Depuis la Branch vein occlusion study (BVOS) [1], la grille maculaire était le traitement de référence de l’œdème maculaire compliquant les occlusions de branche veineuse rétinienne (OBVR), tandis que la Central vein occlusion study (CVOS) nous apprenait en 1995 qu’elle ne permettait pas d’améliorer l’acuité visuelle des œdèmes maculaires (OM) secondaires aux occlusions de la veine centrale de la rétine (OVCR) [2]. La photocoagulation panrétinienne (PPR), quant à elle, était le traitement recommandé en cas de néovascularisation afin de prévenir la survenue d’un glaucome néovasculaire [3], efficace également pour prévenir la néovascularisation irienne en cas d’ischémie rétinienne étendue [4].
L’arrivée de médicaments administrés en injections intravitréennes spécifiquement développés pour le traitement de l’œdème maculaire en 2011 (ranibizumab et implant de dexaméthasone) ont ils changés la donne ? Notamment, le délai de traitement est-il modifié (autrement dit, est-il utile de traiter en urgence, et inversement est-il encore efficace de traiter très tardivement ?). Quelle place reste-t-il au laser maculaire ? Quelle place accorder au nouvel anti-VEGF arrivé en 2013 (aflibercept) ? La néovascularisation étant également sous la dépendance du VEGF, quelle place reste-t-il à la PPR pour le traitement des formes ischémiques ?

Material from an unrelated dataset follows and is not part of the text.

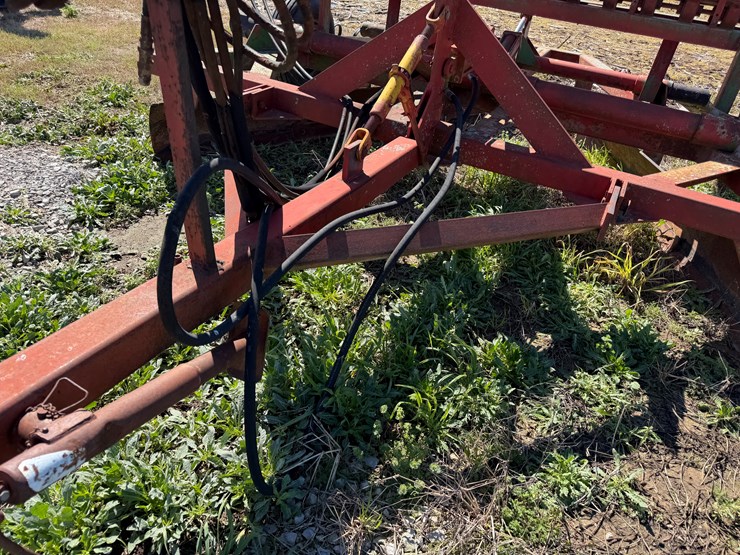 #42473-•-levee-squeeze-w/seeder-109-image-30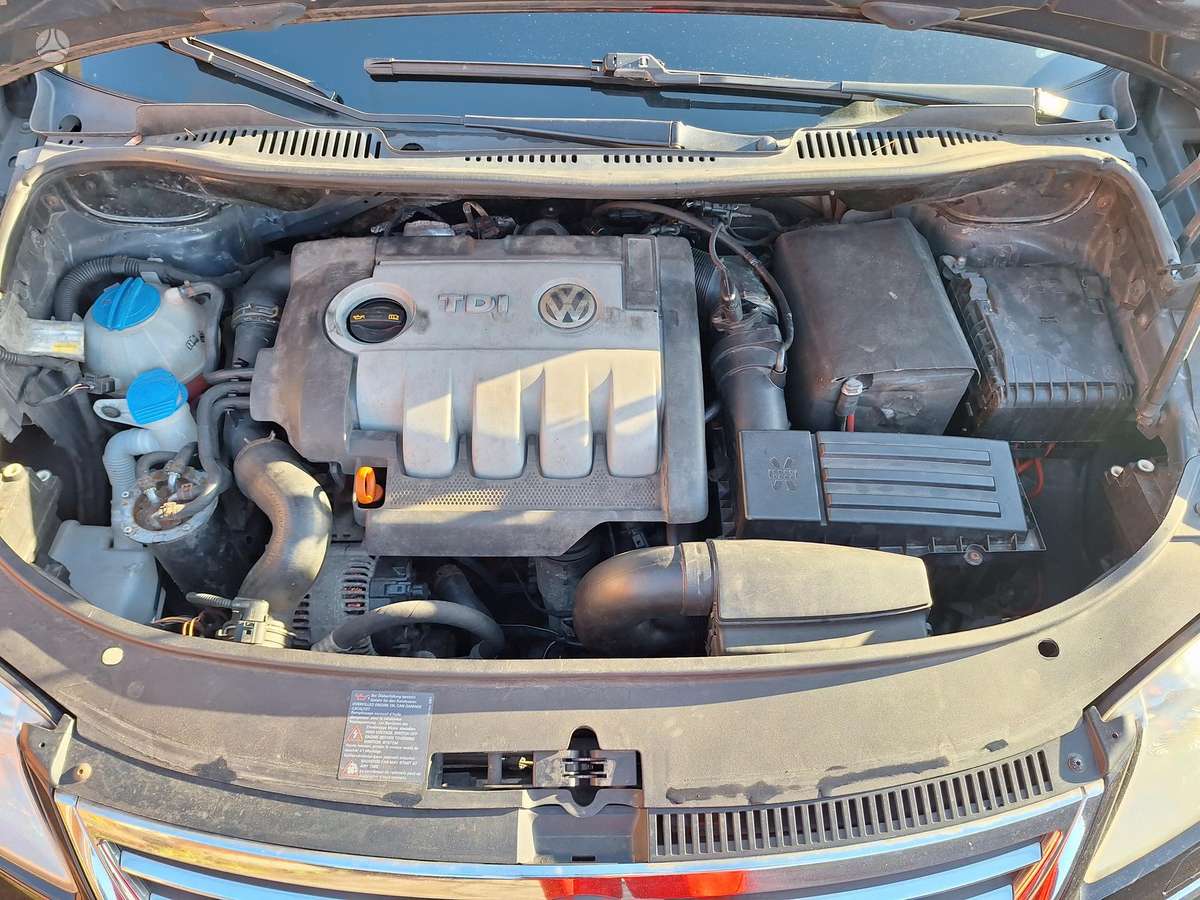 Volkswagen Touran 2007 — photo 15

Nouveaux traitements de l’œdème maculaire
Dès le début des années 2000, l’œdème maculaire des occlusions veineuses rétiniennes (OVR) a pu être traité par injections intravitréennes avec des molécules hors AMM. Ainsi, l’acétonide de triamcinolone a pu être utilisé dès 2002 [5], suivi quelques années plus tard par le bevacizumab [6]. Il faudra attendre respectivement février 20111 puis juin 2012 pour disposer d’équivalents avec une AMM : implant de dexaméthasone (Ozurdex®) et ranibizumab (Lucentis®), rejoints fin 2014 par aflibercept (Eylea®), d’abord uniquement remboursé pour les OVCR puis, depuis fin mars 2016, également pour les OBVR.